Task requirements. For this exercise, repeat exactly the lines below starting at the line holding "14753 Arrowhead Drive, Austin, TX" and ending at the line holding "Delicias Bed &", both included, with no extra lines and no pictures.

Given records.

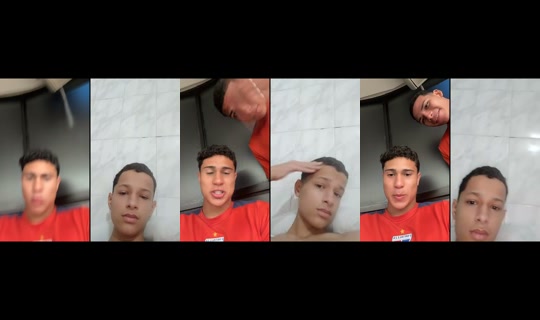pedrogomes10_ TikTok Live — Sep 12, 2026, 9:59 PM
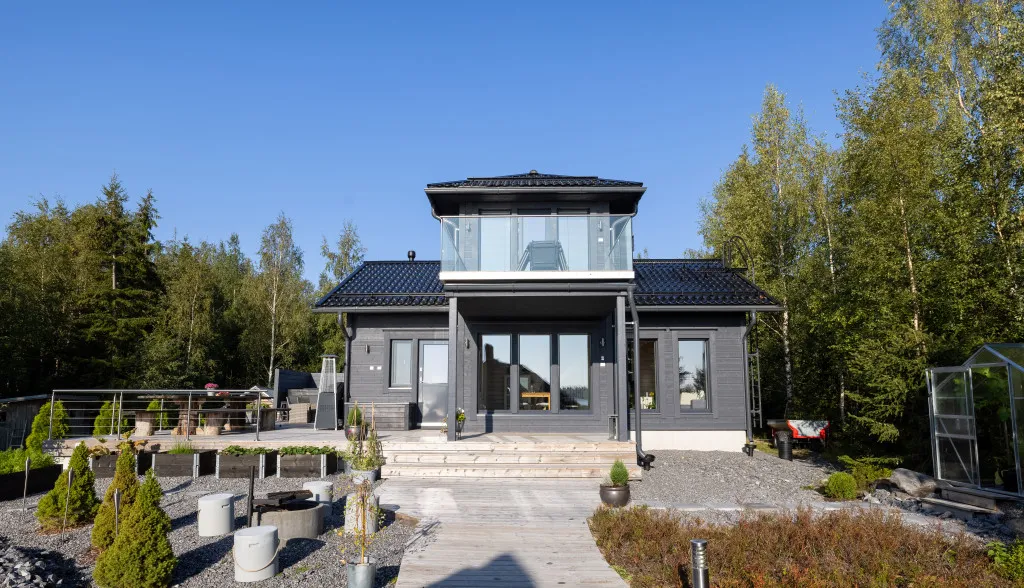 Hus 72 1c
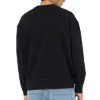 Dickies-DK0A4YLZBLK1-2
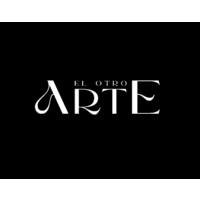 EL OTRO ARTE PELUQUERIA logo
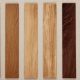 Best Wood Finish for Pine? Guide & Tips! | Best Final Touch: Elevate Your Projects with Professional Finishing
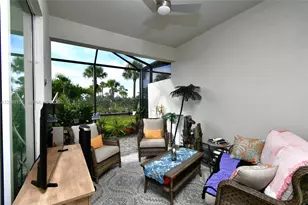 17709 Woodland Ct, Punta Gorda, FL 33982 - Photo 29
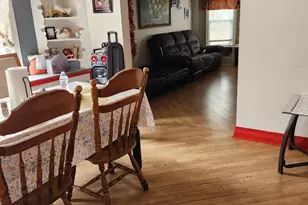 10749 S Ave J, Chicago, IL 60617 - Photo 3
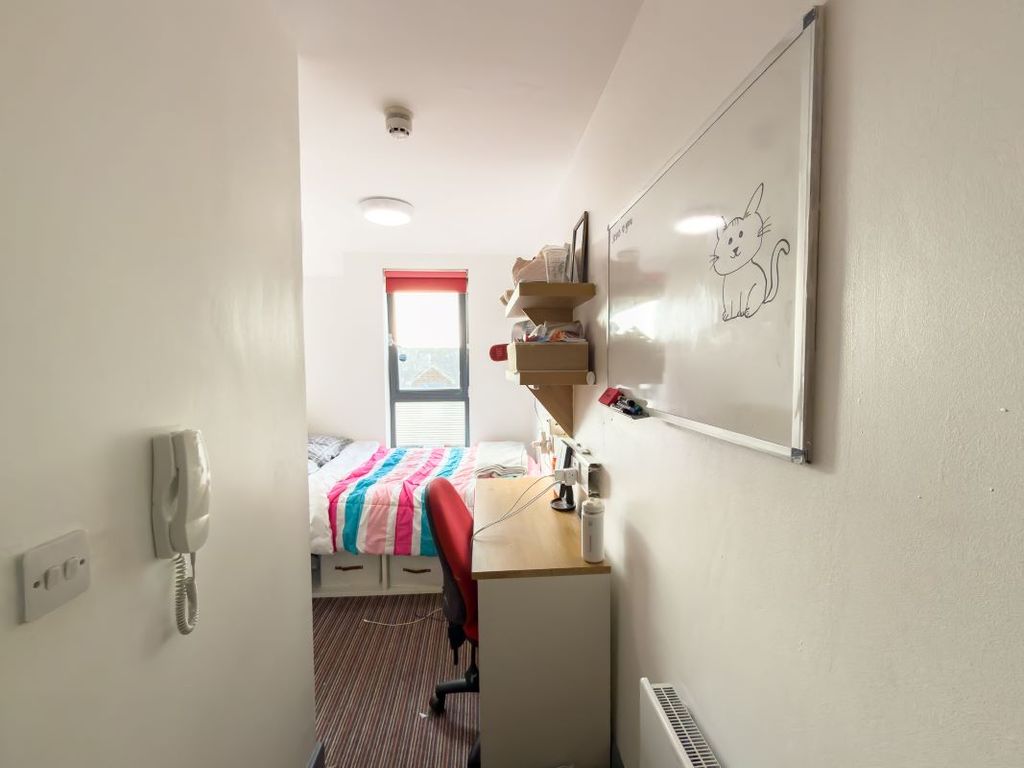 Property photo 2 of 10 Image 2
---
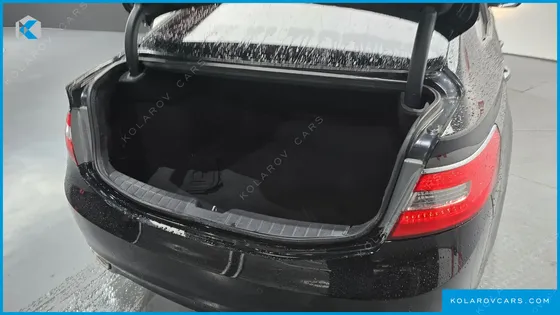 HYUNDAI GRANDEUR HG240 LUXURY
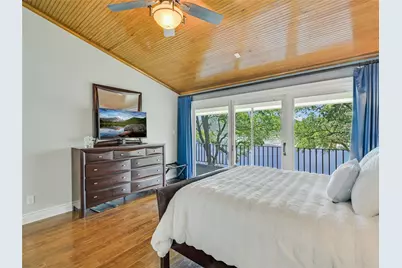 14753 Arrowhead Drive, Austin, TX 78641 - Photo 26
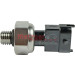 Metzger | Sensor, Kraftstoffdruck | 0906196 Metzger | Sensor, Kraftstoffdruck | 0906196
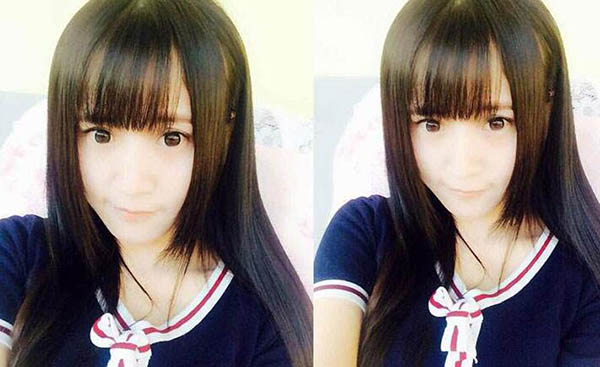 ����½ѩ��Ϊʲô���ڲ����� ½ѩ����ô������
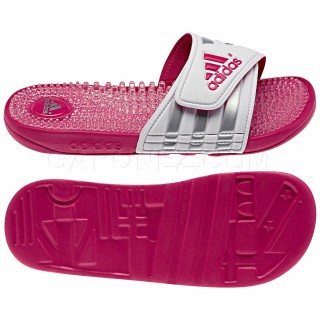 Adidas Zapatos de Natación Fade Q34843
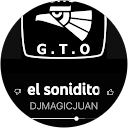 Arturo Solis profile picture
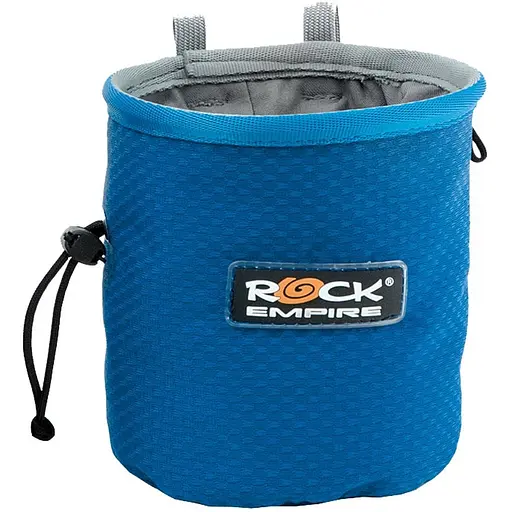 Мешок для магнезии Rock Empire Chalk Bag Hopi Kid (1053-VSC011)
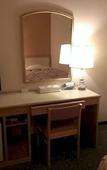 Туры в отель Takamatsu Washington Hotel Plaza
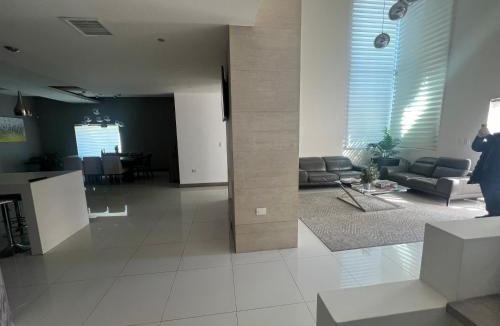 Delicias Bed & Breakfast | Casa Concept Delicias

Response below.
 14753 Arrowhead Drive, Austin, TX 78641 - Photo 26
 Metzger | Sensor, Kraftstoffdruck | 0906196 Metzger | Sensor, Kraftstoffdruck | 0906196
 ����½ѩ��Ϊʲô���ڲ����� ½ѩ����ô������
 Adidas Zapatos de Natación Fade Q34843
 Arturo Solis profile picture
 Мешок для магнезии Rock Empire Chalk Bag Hopi Kid (1053-VSC011)
 Туры в отель Takamatsu Washington Hotel Plaza
 Delicias Bed & Breakfast | Casa Concept Delicias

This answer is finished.